[IxDA Discuss] What sets the 'best' interaction designers apart?
Dave Chiu
dave at d4v3.net
Fri Feb 2 21:58:11 PST 2007
On Feb 3, 2007, at 12:09 AM, Kevin Wong wrote:
> In any case, I'd like to hear more opinions about the characteristics
> of an Interaction Design. I feel like ethnographers and
> anthropologists are Interaction Designers as well. Just from a
> different perspective bringing in different deliverables that could
> still very well be creative.
I was taught that good interaction designers are able to "bounce"
between high level and low level tasks, and from that flexibility
derive their value.
The interaction design program I graduated from had a curriculum
which encompassed physical computing, graphical user interface
design, and service design. These were general categories, as any
single project might involve one or more disciplines. For example, a
service design project (high level) would inevitably involve some
kind of touch-point (low level) which would manifest itself in a
screen design or an object of some sort. The lines were definitely
blurred as designers developed working prototypes which in turn
informed the designs in an iterative process.

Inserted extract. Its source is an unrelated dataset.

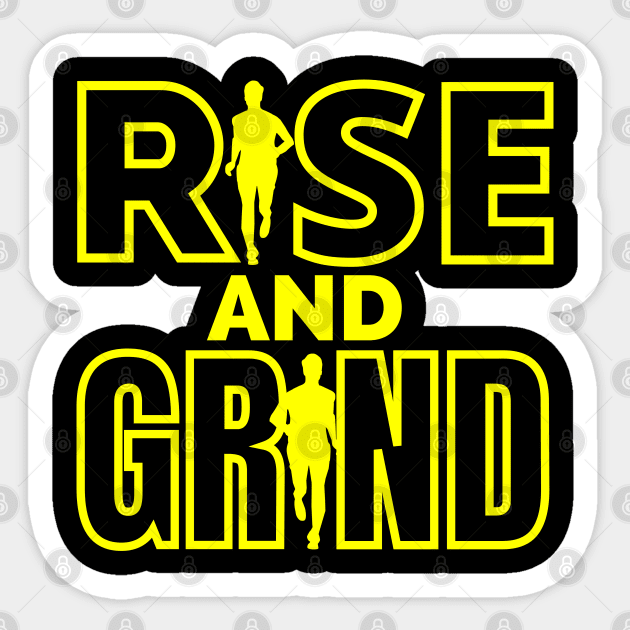Rise and Grind Sticker by IndiPrintables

The students at my school were from all kinds of backgrounds, ranging
from industrial design to graphic design to architecture to computer
science to english (that would be me). At the end of the program, we
all had our particular interests and skills, so I don't think there
is a particular template for Interaction Design. I realize that's not
particularly helpful, but I think most of us left school more
confused about the definition than when we entered, and we certainly
all had our differing opinions.
So while I don't have any particular insight into what makes an
Interaction Designer (and any that I might have are certainly not
authoritative), I would agree that the characteristics of one would
have to include ethnography. I personally believe that an Interaction
Designer is more designer than developer, but that he or she must be
able to interface with developers, which in turn requires an
understanding of development to most effectively communicate design
requirements/implementation, etc. (It's a bit of a vicious circle as
far as I've found.)
I think that may be where the comments about hand-coding HTML come
from, as understanding lies in the doing, which in turn may lead to
better design around that particular technology's constraints.